Big inputs (e.g. big lists or strings) could trigger an excessive amount of computation, resulting in DoS and consuming many cycles. See also Protect against draining the cycles balance
Recommendation
Perform input validation, see e.g. the OWASP cheat sheet.
"Large data attacks" section in How to audit an Internet Computer canister (be aware of Candid space bombs)
ASVS 5.1.4: Verify that structured data is strongly typed and validated against a defined schema including allowed characters, length and pattern (e.g. credit card numbers or telephone, or validating that two related fields are reasonable, such as checking that suburb and zip/postcode match).
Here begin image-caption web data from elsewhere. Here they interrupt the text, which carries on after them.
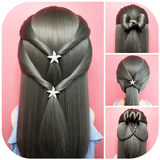 Hairstyles step by step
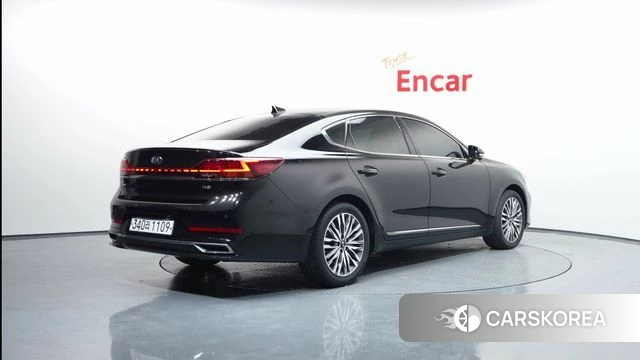 Kia K7 Premier id 4384381 из Кореи 12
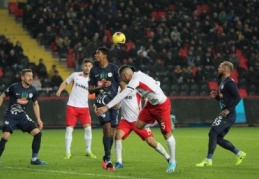 Daha rahat bitirebileceğimiz maçı daha gergin bitirdik 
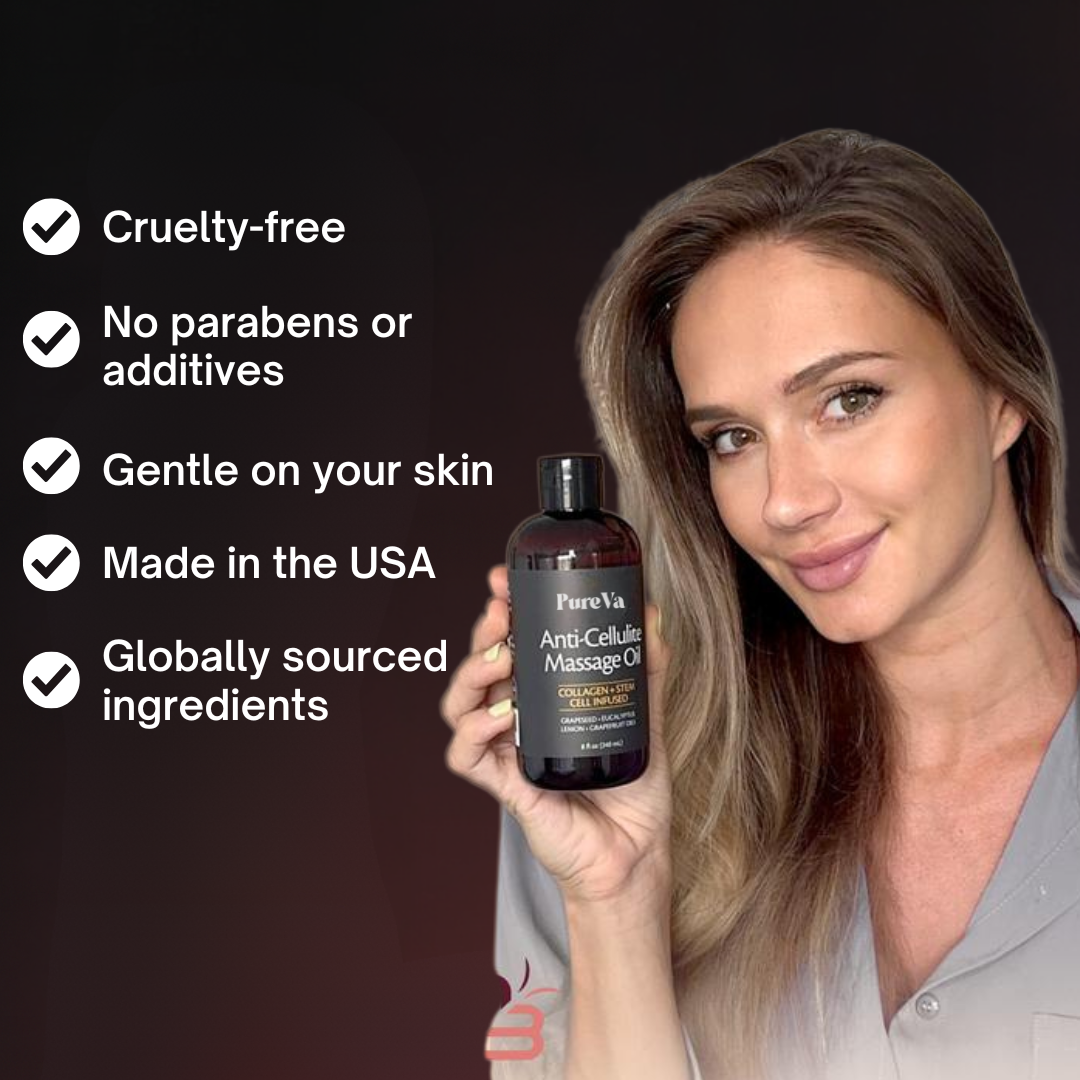 Body Massage Treatment Oil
Rust: Don’t use unsafe Rust code
Security Concern
Unsafe Rust code is risky because it may introduce memory corruption issues.
Recommendation
Avoid unsafe code whenever possible.
See the Rust security guidelines
Consider the Dfinity Rust Guidelines.
Rust: Avoid integer overflows
Security Concern
Integers in Rust may overflow. While such overflows lead to panics in the debug configuration, the values are just wrapped around silently in release compilation. This can cause major security issues e.g. when the integers are used as indices, unique IDs, or if cycles or ICP amounts are computed.
Recommendation
Review your code carefully for any integer operations that may wrap around.
Use the
saturated
orchecked
variants of these operations, such assaturated_add
,saturated_sub
,checked_add
,checked_sub
, etc. See e.g. the Rust docs foru32
.See also the Rust security guidelines on integer overflows.
For expensive calls, consider using captchas or proof of work
Security Concern
If an update or query call is expensive e.g. in terms of memory used or cycles consumed, this may make it easy for bots to render the canister unusable (e.g. by filling up it’s storage).
Recommendation
If the dApp offers such operations, consider bot prevention techniques such as adding Captchas or proof of work. There is e.g. a captcha implementation in internet identity.